Human trafficking, sometimes called sex trafficking or human slavery, is defined by the United Nations as “the recruitment, transportation, transfer, harboring or receipt of persons, by means of the threat or use of force or other forms of coercion, of abduction, of fraud, of deception, of the abuse of power or of a position of vulnerability or of the giving or receiving of payments or benefits to achieve the consent of a person having control over another person, for the purpose of exploitation.”

The $31-billion industry leads to the purchase and sale of 800,000 people worldwide each year, with 18,000 of those brought to the U.S. According to information from the Polaris Project, Michigan is considered a hot spot for human trafficking because of the state’s shared border with Canada.

Garcia said although he is not involved with any organizations that fight trafficking, it was important for him that at least some the money go to someone more deserving than himself. A $30 donation can provide an after-care package to a trafficking victim, while $4,500 would be enough for the organization to conduct a raid and rescue mission.

“With King of the Web, I can specifically do this tangible thing instead of, like, sending off money and having
it go somewhere to do something,” Garcia said. “One donation can do so much to change people’s lives.”
A breakdown of how various donation amounts are spent can be viewed at www.ijm.org/give.

Variety show

While the content of Garcia’s YouTube channel runs the gamut from history to activism to music, one thing is always consistent: the time. All of the future teacher’s videos clock in at one minute. The filming and production average an hour per minute for The Minute Vlog, but some of his more complicated projects have taken him up to six hours to film and edit.

“At the time, YouTube was extending video limits and there were people who were giving themselves four-minute limits, and I was thinking to myself, there are all these things with limits on time — what if I had something that was specifically one minute long, give or take nothing?” he said. “It’s always a minute, and I’ve been able to talk about things and give them a full summary in under a minute.”

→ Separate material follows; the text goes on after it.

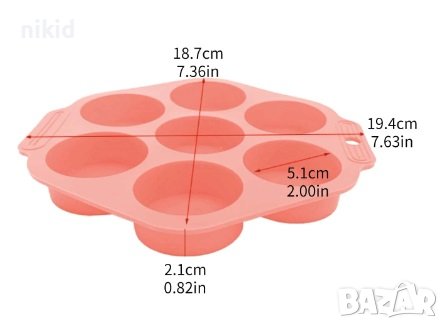 7 кръга кръгове кръгчета цилиндри силиконов молд форма фондан гипс шоколад десерки бисквитки , снимка 2 - Форми - 43299713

Update frequency for The Minute Vlog varies, but it updates at least three times a week, although Garcia
has recently been vlogging daily.

The vlogs, which began the summer after his freshman year, provided a way for the Three Rivers, Mich., native to keep in contact with college friends who were scattered across the state. They also provided a way to meet new people with similar interests over the internet.

“There are people I’ve met through the Internet that I interact with just as much as people I know in real life,” Garcia said. “I might talk to Kym (of the YouTube channel TheMunchKym) more than I talk to Akshay (Sarathi, Garcia’s roommate) on some days. The boundary between the Internet and real life is not that big of a deal. It’s becoming less and less every day.”

Garcia, whose videos have more than 80,600 views, credited the Project for Awesome, a YouTube channel that started in 2007, for the idea to use his vlog to promote IJM on King of the Web. The collective organized their viewership to make, like, comment on and favorite videos about charities en masse for a day, flooding YouTube’s “Most Popular” category.

“I think the mark of this era in history is that we have this connectedness,” Garcia said. “We have this thing in the U.S. where people are connecting not based on where they are, but on who they are and what they like and what they believe. … With the Internet, as long as you can type, you have a voice. It doesn’t mean anybody’s going to listen to you, but everybody is represented.”

Voting for King of the Web ends on Dec. 15, and a new competition, in which Garcia plans to compete, begins Dec. 16.